- _WHAT IS NEEDED_:
Here the job is to transcribe only the lines from the one containing "The Rise of Peso99 in Online Gaming" through the last line below, exactly as written; please leave out pictures.

- _INPUT_:
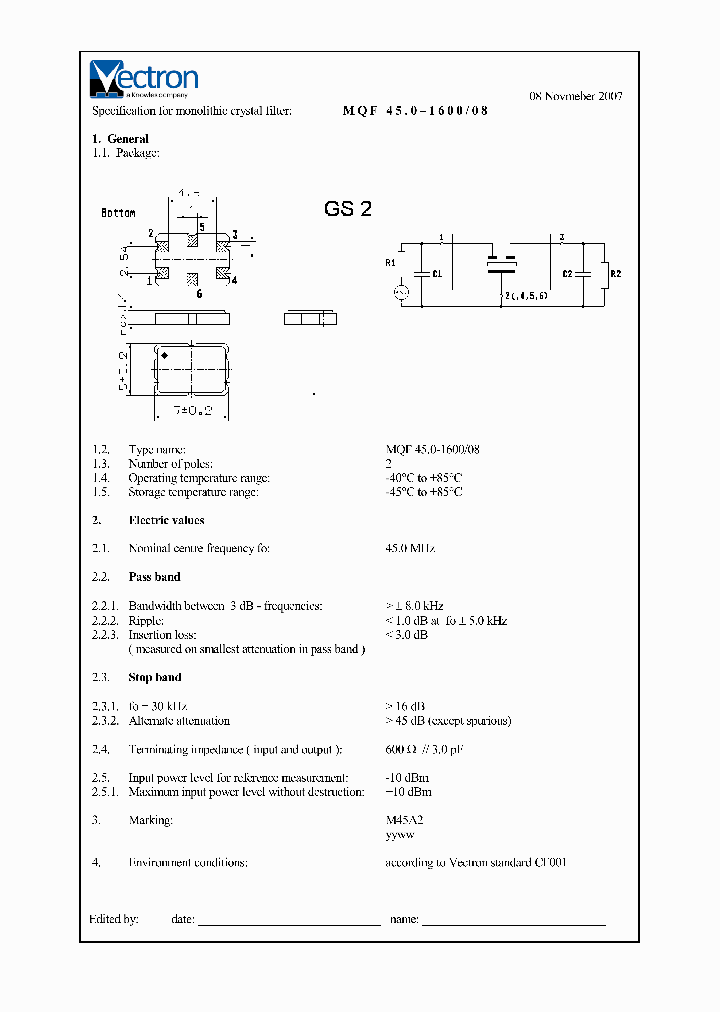 MQF45-0-1600-08_8374901.PDF Datasheet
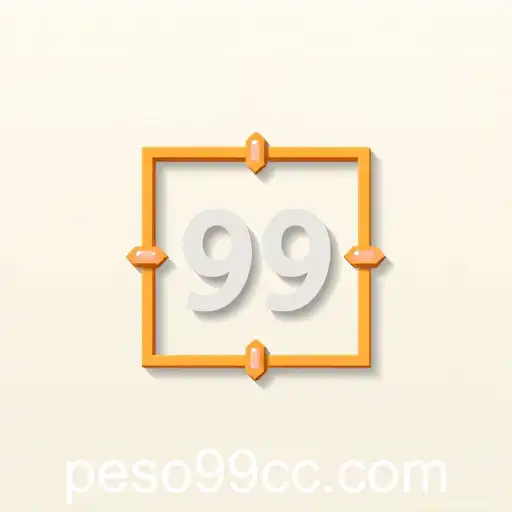 The Rise of Peso99 in Online Gaming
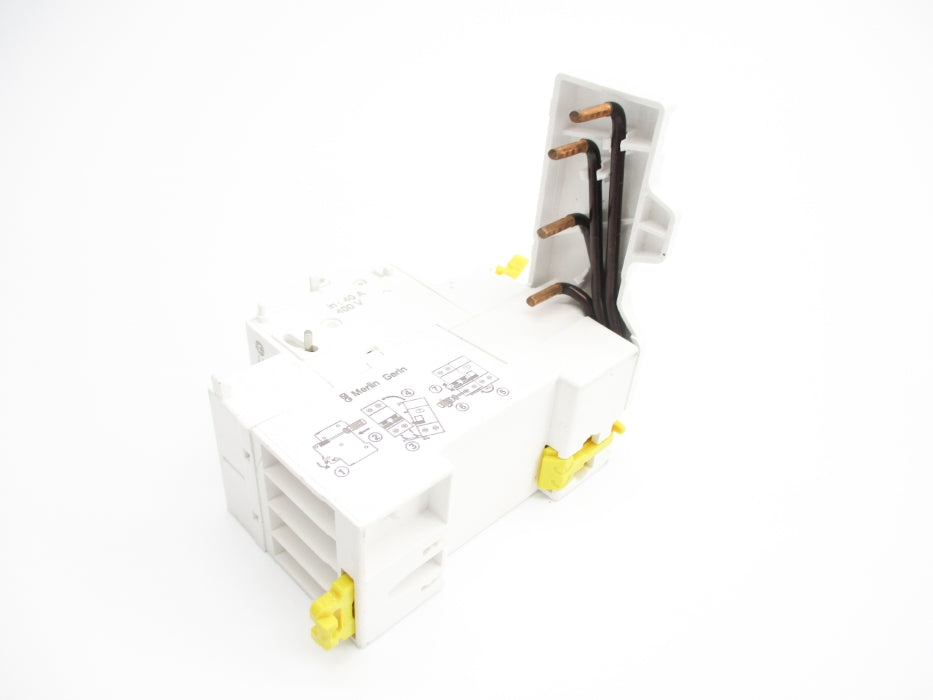 SCHNEIDER ELECTRIC A9N19447 UNMP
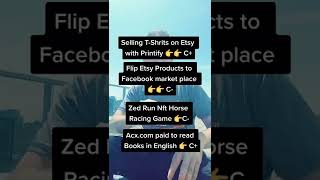 31 most popular tiktok Sidehustles graded #sidehustles2022 #makemoneyonline2022  #shorts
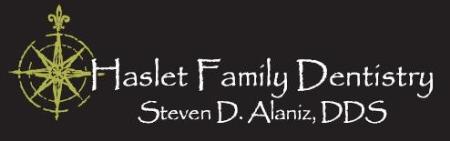 Haslet Family Dentistry, Steven D. Alaniz - Haslet, TX 76052 - (817)439-0123 | ShowMeLocal.com
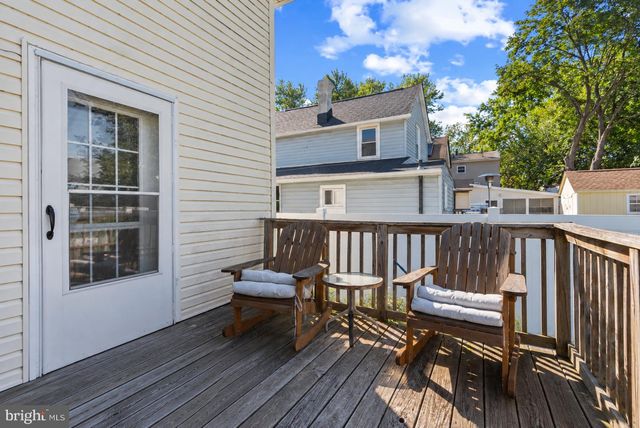 1 QUEEN ST, Paulsboro, NJ 08066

- _ANSWER FOR THE TASK_:
 The Rise of Peso99 in Online Gaming
 SCHNEIDER ELECTRIC A9N19447 UNMP
 31 most popular tiktok Sidehustles graded #sidehustles2022 #makemoneyonline2022  #shorts
 Haslet Family Dentistry, Steven D. Alaniz - Haslet, TX 76052 - (817)439-0123 | ShowMeLocal.com
 1 QUEEN ST, Paulsboro, NJ 08066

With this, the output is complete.